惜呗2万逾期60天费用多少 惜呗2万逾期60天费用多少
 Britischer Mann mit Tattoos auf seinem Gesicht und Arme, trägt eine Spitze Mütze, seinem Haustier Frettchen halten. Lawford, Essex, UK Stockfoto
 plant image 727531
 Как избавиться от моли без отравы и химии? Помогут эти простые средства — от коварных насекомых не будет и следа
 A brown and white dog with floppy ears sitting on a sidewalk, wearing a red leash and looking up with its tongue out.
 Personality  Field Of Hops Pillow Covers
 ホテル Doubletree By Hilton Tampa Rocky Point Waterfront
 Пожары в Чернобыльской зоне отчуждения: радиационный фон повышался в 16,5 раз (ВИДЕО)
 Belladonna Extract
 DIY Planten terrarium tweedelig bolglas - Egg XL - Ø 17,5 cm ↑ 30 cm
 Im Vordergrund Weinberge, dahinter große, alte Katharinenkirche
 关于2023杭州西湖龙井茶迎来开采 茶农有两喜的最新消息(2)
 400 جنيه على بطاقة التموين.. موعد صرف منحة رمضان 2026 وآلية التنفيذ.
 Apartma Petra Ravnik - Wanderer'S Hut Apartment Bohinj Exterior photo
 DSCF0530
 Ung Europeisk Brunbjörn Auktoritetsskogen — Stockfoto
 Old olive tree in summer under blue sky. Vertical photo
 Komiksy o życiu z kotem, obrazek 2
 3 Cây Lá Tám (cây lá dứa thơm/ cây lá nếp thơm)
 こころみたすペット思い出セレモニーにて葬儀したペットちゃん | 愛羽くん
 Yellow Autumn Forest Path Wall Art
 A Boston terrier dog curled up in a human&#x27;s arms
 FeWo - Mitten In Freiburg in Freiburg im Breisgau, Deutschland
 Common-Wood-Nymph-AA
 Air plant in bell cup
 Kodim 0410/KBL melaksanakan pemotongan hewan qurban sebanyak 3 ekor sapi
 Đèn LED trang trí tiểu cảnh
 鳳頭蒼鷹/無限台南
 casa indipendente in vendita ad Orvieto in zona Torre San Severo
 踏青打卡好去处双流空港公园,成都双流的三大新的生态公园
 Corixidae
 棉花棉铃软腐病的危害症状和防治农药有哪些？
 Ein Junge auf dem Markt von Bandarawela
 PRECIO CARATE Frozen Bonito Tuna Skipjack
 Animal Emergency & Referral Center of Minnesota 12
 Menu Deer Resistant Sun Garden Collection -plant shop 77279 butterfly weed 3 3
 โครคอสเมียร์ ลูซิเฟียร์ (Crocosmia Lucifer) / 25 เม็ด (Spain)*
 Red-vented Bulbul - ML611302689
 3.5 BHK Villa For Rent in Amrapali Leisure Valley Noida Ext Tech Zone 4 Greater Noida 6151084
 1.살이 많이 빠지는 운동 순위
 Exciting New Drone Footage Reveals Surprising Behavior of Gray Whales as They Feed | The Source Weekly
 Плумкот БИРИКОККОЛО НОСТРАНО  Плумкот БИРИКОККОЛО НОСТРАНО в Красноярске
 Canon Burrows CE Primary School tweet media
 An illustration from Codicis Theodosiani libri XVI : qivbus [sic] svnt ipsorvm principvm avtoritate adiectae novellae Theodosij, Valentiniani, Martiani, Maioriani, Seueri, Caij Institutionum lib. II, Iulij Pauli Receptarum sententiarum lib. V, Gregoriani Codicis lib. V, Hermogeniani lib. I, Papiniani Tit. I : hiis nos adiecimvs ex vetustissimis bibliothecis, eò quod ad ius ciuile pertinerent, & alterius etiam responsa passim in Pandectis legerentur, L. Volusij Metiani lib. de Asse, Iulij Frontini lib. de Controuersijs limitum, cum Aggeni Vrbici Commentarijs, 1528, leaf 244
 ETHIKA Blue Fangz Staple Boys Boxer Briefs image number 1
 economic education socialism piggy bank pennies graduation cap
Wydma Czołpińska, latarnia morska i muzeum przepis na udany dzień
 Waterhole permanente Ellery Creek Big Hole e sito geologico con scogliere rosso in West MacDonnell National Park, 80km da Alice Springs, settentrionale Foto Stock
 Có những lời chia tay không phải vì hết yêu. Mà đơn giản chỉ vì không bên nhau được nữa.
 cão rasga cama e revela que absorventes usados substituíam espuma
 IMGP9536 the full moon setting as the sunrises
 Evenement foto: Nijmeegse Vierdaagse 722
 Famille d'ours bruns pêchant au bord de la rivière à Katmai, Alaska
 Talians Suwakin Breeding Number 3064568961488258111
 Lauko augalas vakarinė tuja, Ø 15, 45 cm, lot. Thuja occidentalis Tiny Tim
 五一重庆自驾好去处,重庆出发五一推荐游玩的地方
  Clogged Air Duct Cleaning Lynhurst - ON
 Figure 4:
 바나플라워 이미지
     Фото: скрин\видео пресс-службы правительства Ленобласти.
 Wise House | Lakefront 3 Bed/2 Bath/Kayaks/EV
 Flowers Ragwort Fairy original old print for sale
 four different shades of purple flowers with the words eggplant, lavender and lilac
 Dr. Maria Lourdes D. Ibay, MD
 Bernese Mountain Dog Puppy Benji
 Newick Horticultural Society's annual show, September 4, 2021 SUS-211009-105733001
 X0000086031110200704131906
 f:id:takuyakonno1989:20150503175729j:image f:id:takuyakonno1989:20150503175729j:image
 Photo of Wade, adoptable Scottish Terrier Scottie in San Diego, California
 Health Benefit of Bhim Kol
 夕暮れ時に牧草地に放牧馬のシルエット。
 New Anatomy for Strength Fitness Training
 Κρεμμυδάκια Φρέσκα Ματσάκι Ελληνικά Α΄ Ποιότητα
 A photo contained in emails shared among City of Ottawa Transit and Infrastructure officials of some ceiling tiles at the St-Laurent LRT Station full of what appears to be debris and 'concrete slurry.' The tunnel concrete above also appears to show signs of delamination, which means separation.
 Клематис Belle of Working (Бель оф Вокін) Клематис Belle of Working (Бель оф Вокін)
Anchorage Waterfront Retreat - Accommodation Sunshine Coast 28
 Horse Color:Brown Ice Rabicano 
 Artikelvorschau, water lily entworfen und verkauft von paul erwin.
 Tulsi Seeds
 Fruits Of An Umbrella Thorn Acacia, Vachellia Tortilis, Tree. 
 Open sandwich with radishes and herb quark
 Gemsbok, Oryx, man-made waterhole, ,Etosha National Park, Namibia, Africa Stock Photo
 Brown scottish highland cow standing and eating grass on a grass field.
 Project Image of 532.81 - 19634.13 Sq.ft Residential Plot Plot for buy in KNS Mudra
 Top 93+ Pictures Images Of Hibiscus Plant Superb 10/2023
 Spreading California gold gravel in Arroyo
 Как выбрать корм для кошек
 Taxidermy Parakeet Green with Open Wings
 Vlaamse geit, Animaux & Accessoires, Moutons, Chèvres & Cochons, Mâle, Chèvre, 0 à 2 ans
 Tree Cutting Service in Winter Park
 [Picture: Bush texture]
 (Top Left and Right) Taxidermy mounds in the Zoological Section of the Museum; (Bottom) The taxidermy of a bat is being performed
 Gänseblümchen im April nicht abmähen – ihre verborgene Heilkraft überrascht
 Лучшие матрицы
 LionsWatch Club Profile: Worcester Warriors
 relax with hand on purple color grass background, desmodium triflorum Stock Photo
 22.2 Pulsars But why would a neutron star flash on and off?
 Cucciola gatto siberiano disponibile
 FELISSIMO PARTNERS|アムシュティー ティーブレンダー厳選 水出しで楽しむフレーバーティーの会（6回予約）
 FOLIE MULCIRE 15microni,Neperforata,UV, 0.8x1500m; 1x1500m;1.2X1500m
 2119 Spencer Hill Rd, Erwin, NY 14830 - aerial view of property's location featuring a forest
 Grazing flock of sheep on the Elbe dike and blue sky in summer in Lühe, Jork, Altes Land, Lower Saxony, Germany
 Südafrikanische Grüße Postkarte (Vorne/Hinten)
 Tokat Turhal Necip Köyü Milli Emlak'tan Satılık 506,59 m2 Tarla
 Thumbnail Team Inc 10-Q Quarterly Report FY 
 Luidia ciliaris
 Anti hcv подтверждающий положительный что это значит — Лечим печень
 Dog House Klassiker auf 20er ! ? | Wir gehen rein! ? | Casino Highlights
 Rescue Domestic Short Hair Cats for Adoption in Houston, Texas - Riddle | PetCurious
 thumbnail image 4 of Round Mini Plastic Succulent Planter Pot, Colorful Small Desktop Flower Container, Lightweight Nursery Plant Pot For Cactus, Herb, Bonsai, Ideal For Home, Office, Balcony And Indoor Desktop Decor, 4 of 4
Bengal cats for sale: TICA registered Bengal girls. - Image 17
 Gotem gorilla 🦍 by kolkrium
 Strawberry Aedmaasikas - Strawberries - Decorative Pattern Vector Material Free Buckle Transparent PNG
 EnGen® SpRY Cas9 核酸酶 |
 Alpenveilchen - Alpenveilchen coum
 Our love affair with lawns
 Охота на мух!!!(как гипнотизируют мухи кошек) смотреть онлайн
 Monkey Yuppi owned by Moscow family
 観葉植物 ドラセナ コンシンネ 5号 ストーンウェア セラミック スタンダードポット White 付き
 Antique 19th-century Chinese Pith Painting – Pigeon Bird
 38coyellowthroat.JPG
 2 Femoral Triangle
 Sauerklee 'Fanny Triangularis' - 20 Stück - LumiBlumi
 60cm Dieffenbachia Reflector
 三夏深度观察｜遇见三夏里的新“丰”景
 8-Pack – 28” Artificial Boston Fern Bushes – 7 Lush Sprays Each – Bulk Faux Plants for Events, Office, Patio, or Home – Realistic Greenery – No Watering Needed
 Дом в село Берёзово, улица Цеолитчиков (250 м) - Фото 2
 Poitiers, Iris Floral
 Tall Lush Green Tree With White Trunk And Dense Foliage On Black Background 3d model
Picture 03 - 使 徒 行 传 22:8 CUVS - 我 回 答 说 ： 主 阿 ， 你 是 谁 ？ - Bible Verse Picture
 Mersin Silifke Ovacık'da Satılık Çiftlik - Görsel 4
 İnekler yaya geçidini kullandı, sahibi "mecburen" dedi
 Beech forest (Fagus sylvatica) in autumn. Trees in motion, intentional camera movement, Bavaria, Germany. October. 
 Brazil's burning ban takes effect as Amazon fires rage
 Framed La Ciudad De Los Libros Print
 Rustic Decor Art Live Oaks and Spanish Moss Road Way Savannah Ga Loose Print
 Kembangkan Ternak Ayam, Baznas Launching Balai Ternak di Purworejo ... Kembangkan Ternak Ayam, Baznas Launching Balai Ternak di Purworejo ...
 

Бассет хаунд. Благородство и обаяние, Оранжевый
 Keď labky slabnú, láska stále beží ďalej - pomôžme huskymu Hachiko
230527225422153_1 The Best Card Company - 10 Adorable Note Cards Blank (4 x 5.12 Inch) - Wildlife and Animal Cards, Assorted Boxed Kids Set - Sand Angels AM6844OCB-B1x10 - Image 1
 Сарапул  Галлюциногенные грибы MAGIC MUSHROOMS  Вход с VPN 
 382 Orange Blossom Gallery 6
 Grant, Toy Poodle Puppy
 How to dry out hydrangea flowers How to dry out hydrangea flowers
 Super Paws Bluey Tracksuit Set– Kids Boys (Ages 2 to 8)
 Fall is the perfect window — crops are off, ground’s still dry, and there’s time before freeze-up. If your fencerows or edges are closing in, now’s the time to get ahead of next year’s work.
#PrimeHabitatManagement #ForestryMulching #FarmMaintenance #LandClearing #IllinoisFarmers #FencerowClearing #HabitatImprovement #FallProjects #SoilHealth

§ EXERCISE OBJECTIVE:
If a line in the entries above contains the word "Boys", copy it.

§ RESPONSE TO THIS EXERCISE:
 ETHIKA Blue Fangz Staple Boys Boxer Briefs image number 1
 Super Paws Bluey Tracksuit Set– Kids Boys (Ages 2 to 8)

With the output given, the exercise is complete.